If TiVo were to try and integrate this type of functionality directly, the response would be very simple - Netflix, et al would just pull the service from the platform - no court proceedings needed.

You can often get away with things as a small, loosely integrated service that simply does not scale up.

Until TiVo or some other service, signs a contract with an major IP provider to allow copying - it isn't going to happen or scale.

Much more likely, as in your example, cloud recording of that sporting event that will allow you to keep it for some specified amount of time before it automatically falls off...


----------



## shwru980r (Jun 22, 2008)

bradleys said:


> Yeah, PlayOn certainly runs on a very fine line.. The terms of service for most of the streaming services are very clear, you cannot download videos for personal use.

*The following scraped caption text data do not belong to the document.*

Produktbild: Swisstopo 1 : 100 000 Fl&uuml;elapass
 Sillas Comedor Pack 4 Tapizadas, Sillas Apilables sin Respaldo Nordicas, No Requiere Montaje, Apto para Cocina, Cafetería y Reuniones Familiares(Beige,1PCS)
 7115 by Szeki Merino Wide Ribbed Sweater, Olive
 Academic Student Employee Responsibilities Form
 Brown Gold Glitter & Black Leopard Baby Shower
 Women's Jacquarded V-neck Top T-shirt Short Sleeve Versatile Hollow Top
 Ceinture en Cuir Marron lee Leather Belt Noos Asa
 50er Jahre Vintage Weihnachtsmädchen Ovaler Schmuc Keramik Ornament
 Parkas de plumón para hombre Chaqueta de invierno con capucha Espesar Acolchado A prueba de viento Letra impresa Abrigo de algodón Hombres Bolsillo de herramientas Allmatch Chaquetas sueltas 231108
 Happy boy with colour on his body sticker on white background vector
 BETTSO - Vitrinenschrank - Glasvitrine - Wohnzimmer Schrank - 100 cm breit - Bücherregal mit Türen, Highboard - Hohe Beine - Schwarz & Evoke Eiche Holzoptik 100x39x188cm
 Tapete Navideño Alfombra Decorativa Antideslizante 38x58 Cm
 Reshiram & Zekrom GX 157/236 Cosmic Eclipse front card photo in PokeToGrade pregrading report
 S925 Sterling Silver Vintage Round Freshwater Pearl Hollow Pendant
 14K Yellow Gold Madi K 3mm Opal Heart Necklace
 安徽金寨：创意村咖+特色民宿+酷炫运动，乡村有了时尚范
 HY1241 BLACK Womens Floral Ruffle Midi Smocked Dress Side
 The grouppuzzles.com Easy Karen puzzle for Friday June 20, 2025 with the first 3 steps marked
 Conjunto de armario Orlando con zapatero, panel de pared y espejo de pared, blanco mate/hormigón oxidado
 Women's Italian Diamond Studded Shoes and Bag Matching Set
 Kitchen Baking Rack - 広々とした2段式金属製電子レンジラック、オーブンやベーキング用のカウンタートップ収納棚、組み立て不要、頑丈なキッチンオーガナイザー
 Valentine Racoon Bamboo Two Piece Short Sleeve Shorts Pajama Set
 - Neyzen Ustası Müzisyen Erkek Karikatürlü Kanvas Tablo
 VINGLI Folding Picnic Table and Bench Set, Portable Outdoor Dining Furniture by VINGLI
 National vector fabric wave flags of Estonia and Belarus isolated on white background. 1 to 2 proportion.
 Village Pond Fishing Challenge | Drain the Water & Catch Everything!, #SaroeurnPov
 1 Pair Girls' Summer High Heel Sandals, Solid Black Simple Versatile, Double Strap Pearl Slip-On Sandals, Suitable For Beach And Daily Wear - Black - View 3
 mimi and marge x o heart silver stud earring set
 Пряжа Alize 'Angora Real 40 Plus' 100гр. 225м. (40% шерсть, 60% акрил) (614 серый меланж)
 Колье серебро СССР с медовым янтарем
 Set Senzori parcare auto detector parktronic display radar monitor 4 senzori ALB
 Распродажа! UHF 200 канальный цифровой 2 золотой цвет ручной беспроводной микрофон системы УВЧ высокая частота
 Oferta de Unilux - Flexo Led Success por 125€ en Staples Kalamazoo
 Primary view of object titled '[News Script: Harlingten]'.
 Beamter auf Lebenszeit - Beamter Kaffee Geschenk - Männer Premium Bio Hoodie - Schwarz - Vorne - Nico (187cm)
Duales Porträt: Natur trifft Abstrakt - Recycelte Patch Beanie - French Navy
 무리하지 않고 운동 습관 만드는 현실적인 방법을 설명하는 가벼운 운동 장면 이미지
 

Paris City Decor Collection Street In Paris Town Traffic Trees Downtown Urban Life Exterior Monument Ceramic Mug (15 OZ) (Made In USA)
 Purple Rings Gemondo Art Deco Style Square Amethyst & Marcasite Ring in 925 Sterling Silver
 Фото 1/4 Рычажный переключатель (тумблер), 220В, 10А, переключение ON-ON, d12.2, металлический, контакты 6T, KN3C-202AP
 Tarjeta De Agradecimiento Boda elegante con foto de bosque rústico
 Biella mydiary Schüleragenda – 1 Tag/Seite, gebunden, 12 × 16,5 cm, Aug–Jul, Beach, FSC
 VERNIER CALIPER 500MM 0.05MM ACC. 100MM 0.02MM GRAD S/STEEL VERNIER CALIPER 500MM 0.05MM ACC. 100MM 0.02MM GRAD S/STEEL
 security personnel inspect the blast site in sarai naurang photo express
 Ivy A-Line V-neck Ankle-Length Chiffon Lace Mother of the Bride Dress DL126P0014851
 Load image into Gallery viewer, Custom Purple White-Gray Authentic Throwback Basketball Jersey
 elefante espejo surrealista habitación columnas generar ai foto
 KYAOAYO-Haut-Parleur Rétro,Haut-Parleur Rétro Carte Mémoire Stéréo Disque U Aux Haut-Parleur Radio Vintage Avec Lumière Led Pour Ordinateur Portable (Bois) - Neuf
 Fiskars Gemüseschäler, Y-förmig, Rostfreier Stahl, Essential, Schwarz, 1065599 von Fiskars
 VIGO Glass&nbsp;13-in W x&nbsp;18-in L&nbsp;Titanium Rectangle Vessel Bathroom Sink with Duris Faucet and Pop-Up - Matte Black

PlayOn skirts the law and the terms of service by never directely integrating with anything... It is the user that takes a legal product and uses it in a way that violates the terms of service they, as a user, have with the content provider.
> 
> If TiVo were to try and integrate this type of functionality directly, the response would be very simple - Netflix, et al would just pull the service from the platform - no court proceedings needed.
> 
> ...


I thought the Tivo mobile app allowed copying of shows from the DVR to the mobile device.


----------



## lpwcomp (May 6, 2002)

shwru980r said:


> I thought the Tivo mobile app allowed copying of shows from the DVR to the mobile device.


It does but those are recordings on the TiVo which cannot record streaming services.


----------



## shwru980r (Jun 22, 2008)

lpwcomp said:


> It does but those are recordings on the TiVo which cannot record streaming services.


Netflix allows shows to be copied to a mobile device too.


----------



## bradleys (Oct 31, 2007)

shwru980r said:


> Netflix allows shows to be copied to a mobile device too.


Only to walled garden environments and compressed. It is not a bit for bit copy

Those are offline viewing strategies not DVR / archive strategies.


----------